For the past few weeks I have been on call waiting for his response. Phone next to the bed, notifications on, random spurts of awake during the night to check because of our time difference. I have been responding promptly, ensuring he isn’t waiting, making sure it is clear I’m invested, showing him that games should remain in childhood. When at first I wasn’t getting a clear response from him, I even double messaged, asking again when he would like to FaceTime, throwing myself out there like a fish on land hoping he would make the choice to take my vulnerability into consideration. The responses have become slim to none, spread out so far that I am never awake when they come in, sometimes distancing a week in between. To the girls reading this, know that I do not enjoy playing the fool, but we all need to play it once to realize why we should never put that hat on again.
As someone who works with people I know the power of choice. We make choices everyday- what we want for breakfast, what show we want to watch, what shirt we want to wear, and what we want to do with our time. Choices tie solely to our wants, to our needs, and to our priorities. Choices define our actions in a way excuses never can. You could say I was making him a priority. I have done this dance before, the salsa before the solo. Where for a brief moment you are there together, but slowly it becomes clear that this is a one man show. It’s never any easier the second or third time you realize this is happening. It’s always painful to see you were not a priority or choice, to hear excuses instead of the truth. Simply put, he did not like me enough to choose me. I have made excuses of my own before- I’m not looking for anything right now, I’m busy, I actually try not to be on my phone a lot- but when it comes down to it, they are excuses.

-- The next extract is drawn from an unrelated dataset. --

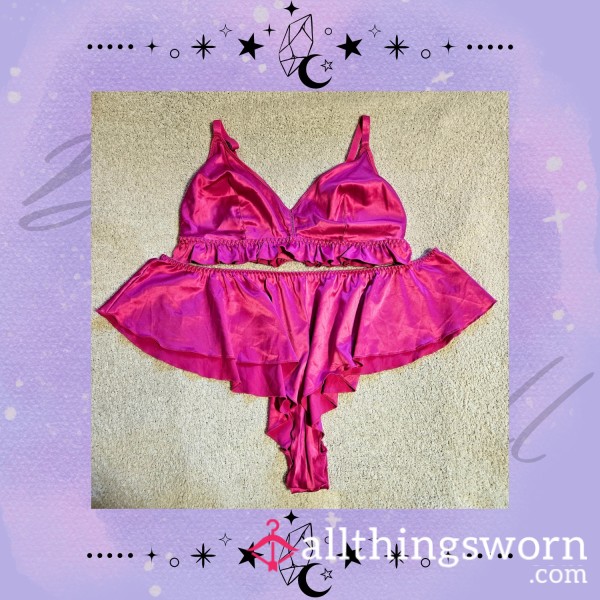 💖 Worn Pink Satin Bralette & Shorts Set – Sweet & Seductive 💖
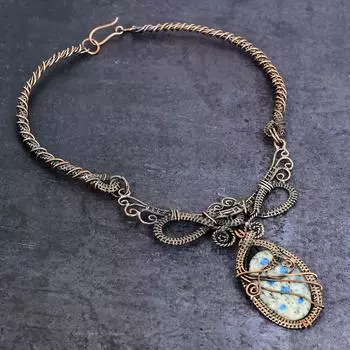 Ожерелье из натурального драгоценного камня K2 Blue Azurite с медной проволокой 18 дюймов a7n14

There is a famous quote by Albus Dumbledore that I have fallen in love with the older I get. It says “It is our choices,Harry, that show what we truly are, far more than our abilities.” It focuses on the fact that or choices speak louder than our capabilities. Dumbledore did always know exactly what to say. I could be sad about this, I could be disappointed, and I could react. I have the ability to choose, to know what my priorities are, but he is not one of them. In the past I may have vented to all my friends as we sat around a bottle of wine sharing war stories of our own about the wounds we collected from other’s choices. But the difference now lies in the power of my choice. Now I see that my time is no longer meant to be spent where it is not reciprocated and this makes me wonder what my time is meant to be spent on. I look internally instead of externally. I think of ways that I have wanted to challenge myself and seek those options. We must love ourself before others can do the same. Maybe I will choose to pick up painting. Maybe I will choose to take that solo trip to South America like I wanted to. Maybe I will choose to write that book. Maybe I will choose myself again, before I got lost in someone else that wasn’t meant to be mine. Like calls to like as we all know, and if I strive to make myself even more interesting, to take this time to challenge myself in more ways, well then maybe once I am done, someone else, one with priorities instead of excuses, will come along wanting to choose me.